The range of victory and loss conditions can mean that games can suddenly turn around in someone's favour, but can also mean that losing is an inevitability. There can be an element of getting "checkmate" on your opponent, particularly if they start losing cards. Fortunately with games only being 5-10 minutes (we found they got longer as we got better) you are never so invested that this gets you down.

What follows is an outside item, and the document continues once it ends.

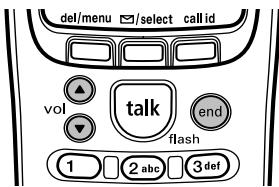 SANYO CLT-E23 - Adjusting the Handset Ringer, Earpiece and Speaker Volume - 1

Papering Duel is a great 2-player abstract game which I think will be a huge hit with the casual player. It is approachable as it takes themes from a classic game, but updates them and gives a high-quality production that's sure to impress. Papering Duel is certainly a filler game and I wouldn't pack it as my only game when going on a trip, but instead it finds it's place as a quick game to pass the time whether you are on a train or waiting for the rest of your game group to finish their game!

Fi’s Final Thoughts

Papering Duel has really made an impression on me over multiple plays. A couple of our early games seemed to end quite fast, but as we got better, the games because tighter and more interesting, and we saw a range of the end game victory/loss conditions. There's a lot of tactics that can be implemented based on the open information of your opponent's hand and that allows you to set little traps, hoping to whittle down their hand size and ultimately win. Perhaps there will always be a bit of luck of the draw when you draw new tiles, but my feeling during most games is that I'm truly out-witting or being out-witted.

We often find that 2-player abstract strategy games are a negative experience for us due us both having very different ability levels at games like chess or its modern implementations like Onitama and Santorini. However, Papering Duel keeps the puzzle factor, but removes the need to have so much forward thinking and movement planning. It's a very clean puzzle that only seems to demand that you plan ahead as far as your opponent's next turn. I'm sure that you could choose to plan a little further, but for a 5-10 minute game, we haven't been that invested!

If you're looking for a fast and competitive 2-player game that doesn't burn your brain, but does give you the feeling of being smart and solving a puzzle, then I suggest checking out Papering Duel.

You Might Like...
  • The game has great component quality.
  • The open information creates a really intense competitive puzzle.
  • The game has a wonderfully simple but well implemented variant on a tic-tac-toe style mechanism.
You Might Not Like...
  • The rulebook is a little unclear in places, but we eventually found our way (we think!).
  • The game can quite quickly spiral in one player's favour, if one player loses a card.

The Verdict
7/10 Papering Duel is a really fun tug of war for two players. The component quality is fantastic and the transparent cards are a really simple design idea that makes for a great little puzzle. It's a super fast game that we can pull off the shelves, even if we have only 10 minutes to spare.

Papering Duel was a review copy kindly provided to us by Mandoo Games.